Mice were then genetically depleted of CaMKIV in MRL/lpr.Camkiv-/- mice in order to determine the impact of the absense of CaMKIV. Mesangial cells in mice without functional CaMKIV were then measured. It was found that large percentages of mesangial cells from MRL/lpr.Camkiv-/- mice were arrested in the cell cycle and not actively dividing compared with control MRL/lpr and MRL/MPJ mice. PDGF-BB, which acts as a stimulus to promote cell proliferation, was not able to overcome the block imposed by the genetic deletion of CaMKIV, demonstrating that CaMKIV plays an important role in mesangial proliferation, with an intrinsic ability to proliferate without exogenous stimulation.
IL-6, a product of mesangial cells, was then measured to determine what the influence of mesangial cells have on the progression of kidney failure. It was found that cells with genetic deletions of CaMKIV had lower levels of IL-6. IL-6mRNA expression in activated splenocytes was significantly decreased in MRL/lpr.Camkiv-/- mice. Furthermore, mice treated with KN-93 also had suppressed levels of IL-6 in MRL/lpr mesangial cells at mRNA and protein levels. These results indicate that either the genetic deletion or inhibition of CaMKIV will not only decrease the proliferation of mesangial cells, but will also decrease the production of IL-6.

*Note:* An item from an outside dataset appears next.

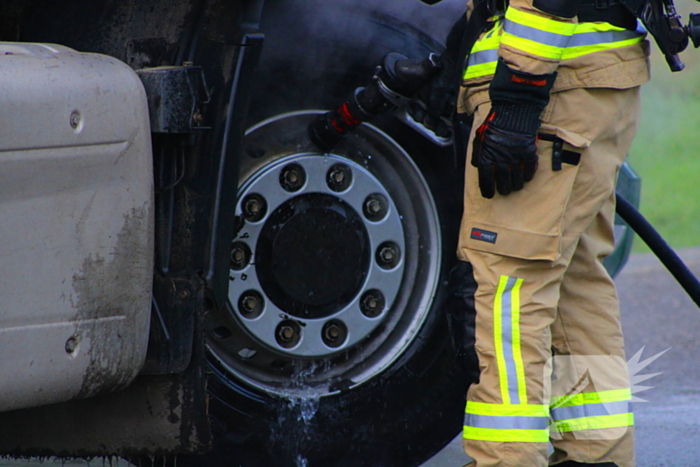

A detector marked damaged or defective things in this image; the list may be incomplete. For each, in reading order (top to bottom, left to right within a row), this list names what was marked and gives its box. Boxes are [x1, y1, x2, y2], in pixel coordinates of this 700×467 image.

burned rubber tire [191, 1, 478, 466]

Ichinose et al. further delved into the transcriptional mechanisms underlying IL-6 expression. It was found that IL6 promoter activity in MRL/lpr.Camkiv-/- mesangial cells decreased compared with MRL/lpr mesangial cells. Mutating AP-1 resulted in limited promoter activity, demonstrating that AP-1 is involved in IL-6 gene transcription. AP-1 member c-jun was also found in increased levels in MRL/lpr.Camkiv-/- mesangial cells compared with MRL/lpr mesangial cells. This was further confirmed using DNA binding assays, demonstrating that the AP-1 motif showed an increased binding of nucleoprotein from MRL/lpr mesangial cells stimulated with PDGF-BB, which was diminished when nucleoprotein lysates from MRL/lpr.Camkiv-/- mesangial cells were used.
This study elaborated on the mechanisms that potentially influence the progression of lupus nephritis. Ichinose et al. provide concrete evidence that mesangial cells from MRL/lpr mice are able to proliferate in vitro in the absence of exogenous stimuli, along with increasing IL-6 production. Ichinose et al. were able to convincingly link these cellular abnormalities to CaMKIV, for the genetic absence or the blocking of function of CaMKIV resulted in the suppression of mesangial cell proliferation. CaMKIV has been identified as an important regulator of cellular abnormalities that are observed in lupus nephritis, suggesting it as a potential target in the mitigation of autoimmunity and suppression of kidney inflammation. These results should be elaborated on by assessing the effects of CaMKIV on the functioning of macrophages and the production of IgG to further understand the effects of IL-6 on the immune system and progression of lupus nephritis. Further research may also be required to assess the practicality of blocking CaMKIV in lupus nephritis treatment. Even though inhibiting the function of CaMKIV may help regulate cell abnormalities in lupus nephritis, CaMKIV has been shown to have neuroprotective effects, and its inhibition may potentially prove to be disastrous in other body functions (Sée et al., 2001). Ichinose et al. have made much progress on targeting a potential controller of lupus nephritis. This lead should be followed in order to advance the understanding of SLE and potentially propose the first successful treatment for this autoimmune disease.